`academic_observatory_workflows.workflows.orcid_telescope`

Module Contents

Classes

`OrcidBatch`	Describes a single ORCID batch and its related files/folders
`OrcidRelease`
`OrcidTelescope`	ORCID telescope

Functions

`create_orcid_batch_manifest`(→ None)	Create a manifest (.csv) for each orcid batch containing blob names and modification dates of all the
`latest_modified_record_date`(→ pendulum.DateTime)	Reads the manifest file and finds the most recent date of modification for the records
`orcid_batch_names`(→ List[str])	Create a list of all the possible ORCID directories
`transform_orcid_record`(→ Union[Dict, str])	Transform a single ORCID file/record.

Attributes

`ORCID_AWS_SUMMARIES_BUCKET`
`ORCID_REGEX`
`ORCID_RECORD_REGEX`
`MANIFEST_HEADER`
`BATCH_REGEX`

academic_observatory_workflows.workflows.orcid_telescope.ORCID_AWS_SUMMARIES_BUCKET = 'v2.0-summaries'[source]

academic_observatory_workflows.workflows.orcid_telescope.ORCID_REGEX = '\\d{4}-\\d{4}-\\d{4}-\\d{3}(\\d|X)\\b'[source]

academic_observatory_workflows.workflows.orcid_telescope.ORCID_RECORD_REGEX = '\\d{4}-\\d{4}-\\d{4}-\\d{3}(\\d|X)\\.xml$'[source]

academic_observatory_workflows.workflows.orcid_telescope.MANIFEST_HEADER = ['bucket_name', 'blob_name', 'updated'][source]

academic_observatory_workflows.workflows.orcid_telescope.BATCH_REGEX = '^\\d{2}(\\d|X)$'[source]

class academic_observatory_workflows.workflows.orcid_telescope.OrcidBatch(download_dir: str, transform_dir: str, batch_str: str)[source]

Describes a single ORCID batch and its related files/folders

property existing_records: List[str][source]: List of existing ORCID records on disk for this ORCID directory.

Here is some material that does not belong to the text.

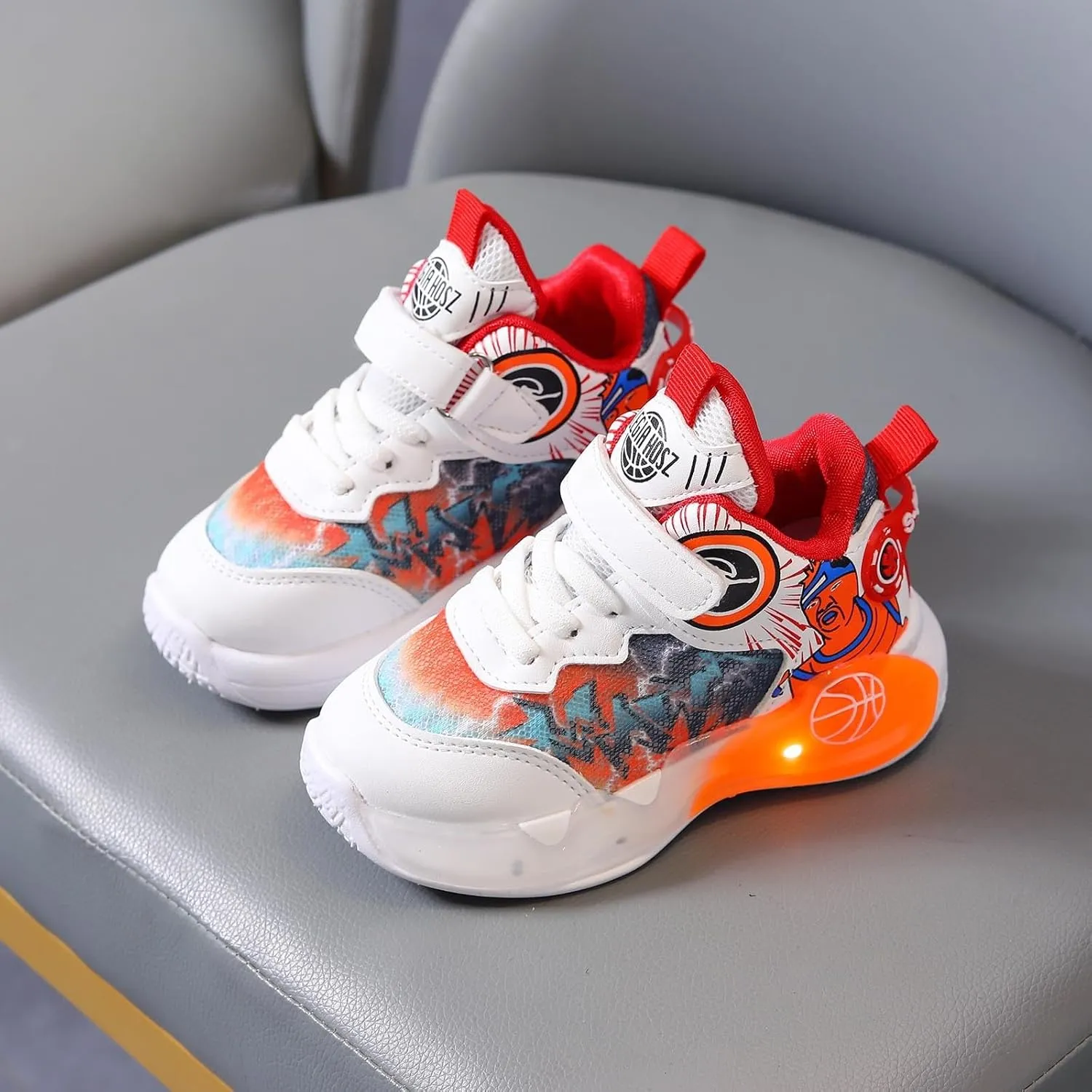 Sneakers for Girls Luminous Breathable Light Up Shoes for Kids Hook and Loop Flashing Comfortable Running Walking Shoes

property missing_records: List[str][source]: List of missing ORCID records on disk for this ORCID directory.

expected_records() → List[str][source]: List of expected ORCID records for this ORCID directory. Derived from the manifest file

blob_uris() → List[str][source]: List of blob URIs from the manifest this ORCID directory.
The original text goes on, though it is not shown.